Bruno Cohen (CassidianTest & Services) . Ce qui permet d'adresser différents marchés et les différentes phases du cycle de développement.Au début du cycle enV, on effectue beaucoup de simulation et à la fin davantage de tests fonctionnels. L'idée est de récupérer les différentes briques de base que l'on a développées tout au long du développement pour ne pas avoir à tout réinventer.

Jacky Mutschler (Agilent) . Le moyen de test peut être hybride mais il est important que dans le cycle enV la notion de cohérence des tests soit forte. Surtout lorsqu'il s'agit de sociétés de plus en plus internationales disposant de centres de recherche disséminés partout dans le monde. Plus l'algorithme de mesures est cohérent entre la recherche avancée, les phases de validation et de certification, plus la transition entre ces différentes phases sera efficace.

Mesures. Comment s'assurer de la cohérence des outils de test entre les différentes phases de développement d'un produit?

Frédérick Drappier (National Instruments) . Il y a des personnes qui travaillent dans les équipes de test en production qui se trouvent de plus en plus impliquées avec les équipes de développement pour s'assurer que le système en cours de conception sera mieux et plus facilement testé. Il existe aussi des échanges concernant les moyens mis en œuvre pour essayer de capitaliser sur le logiciel et le matériel pendant toutes les étapes de développement du produit.

Jacky Mutschler (Agilent) . C'est une grande tendance. La testabilité en production est pensée de plus en plus tôt dans le cycle enV. La notion de plate-forme logicielle réutilisable entre les différentes phases prend là tout son sens.

Philippe Le Gall (Aeroflex) . C'est d'autant plus vrai lorsque la production est très importante et que l'on cherche à gagner quelques secondes sur la fabrication d'un téléphone ou tout équipement sans fil.Au niveau des quantités fabriquées, c'est très important. Les secondes se gagnent en amont.

Frédérick Drappier (National Instruments) . Ce n'est pas qu'une question de volume. Lorsque l'on teste en plusieurs heures un système de manière très intensive, il est possible de gagner quelques heures. Pour la validation des composants en phase de conception, on peut descendre de quelques semaines à quelques jours avec des systèmes automatiques performants.

Philippe Devarieux (Technicom.com) . Que ce soit en conception ou même en maintenance préventive, sur des plates-formes avioniques il n'est pas rare d'avoir à faire à des temps de cycles de plusieurs heures avec des coûts horaires des testeurs de plusieurs milliers d'euros. Si on passe de dix à sept heures, on réduit significativement les coûts de test. Avec ses arguments, les investissements nécessaires sont relativement bien accueillis. C'est donc vrai sur les gros volumes où la seconde compte mais aussi sur les petites séries. Cela peut jouer sur le temps de cycle mais aussi sur la couverture de test qui peut être amélioré significativement de 75 à 95%. Sur de tels produits ces 20% là coûtent très chers.

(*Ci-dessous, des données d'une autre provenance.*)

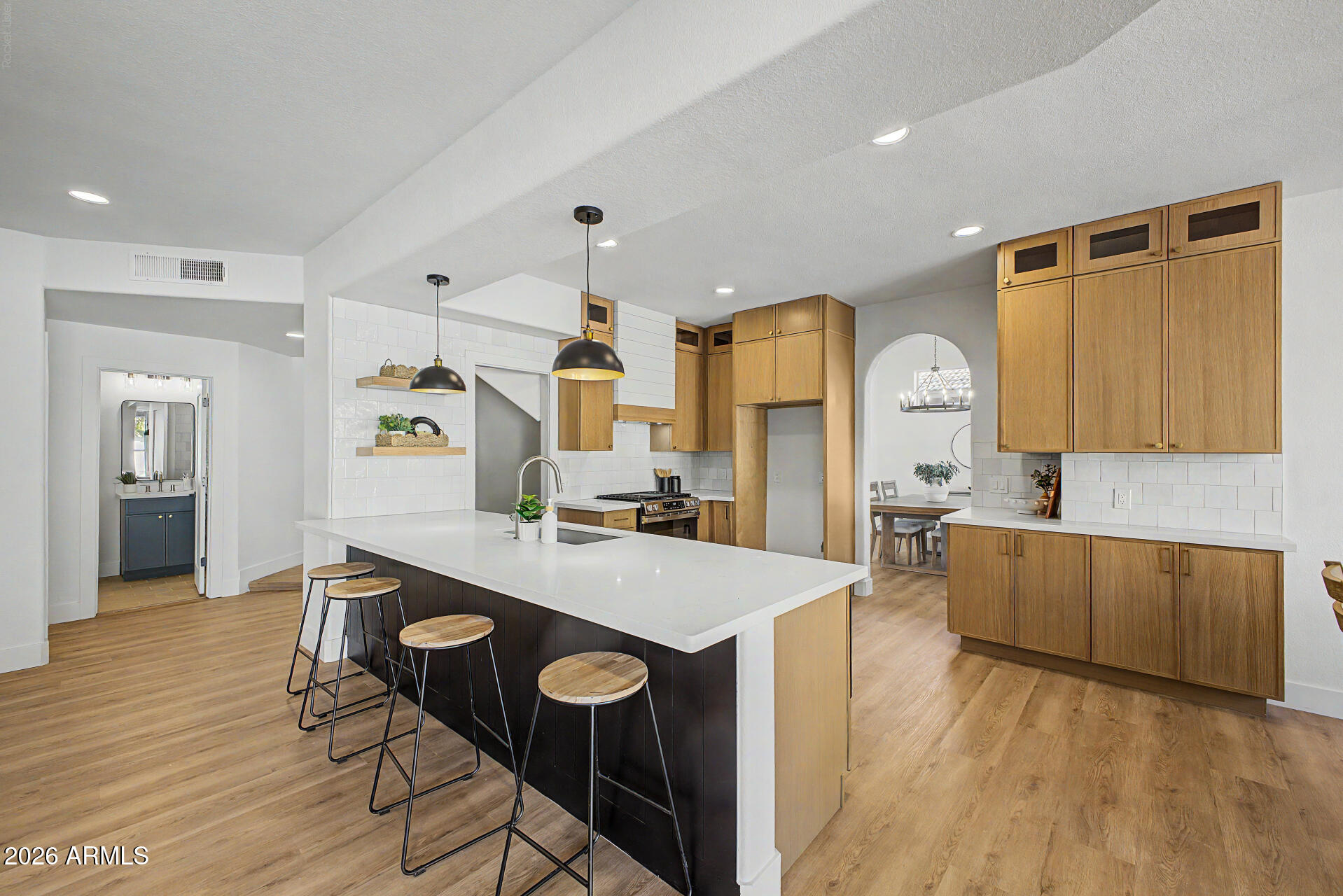 517 S ROCK HARBOR Drive, Gilbert, AZ 85233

Mesures. La possibilité de reconfigurer le testeur selon le type de produit à contrôler n'est-il pas également un moyen de réduire les coûts du test?

Philippe Devarieux (Technicom.com) . Il y a effectivement une réflexion à avoir sur ce sujet. Est-ce que je m'oriente vers un seul testeur qui va servir à tout, qui va coûter une fortune sans être sûr qu'il réalise tout bien? Est-ce que le testeur ultime est la seule solution stratégique de mon entreprise ou pourrai-je disposer d'une version dégradée dans le bon sens du terme qui me permettrait d'augmenter mon parc de testeurs ? L'instrumentation modulaire permet aussi de répondre à cela. En partant d'un système qui peut se décliner en 4, 10 voire 26 cartes. Il ne sera pas nécessaire d'utiliser le plus gros pour des tests relativement basiques car si la carte est vraiment plantée même un testeur plus simple va tout de suite le déceler.

Philippe Le Gall (Aeroflex) . Les plates-formes communes sont très prisées des entreprises qui produisent des petites et moyennes séries et qui changent de produits très souvent. Il faut être capable de faire évoluer les moyens de production en un minimum de temps et disposer d'équipements de test reconfigurables. Aujourd'hui, la réconfigurabilité des moyens de test est un élément de choix pour ces entreprises.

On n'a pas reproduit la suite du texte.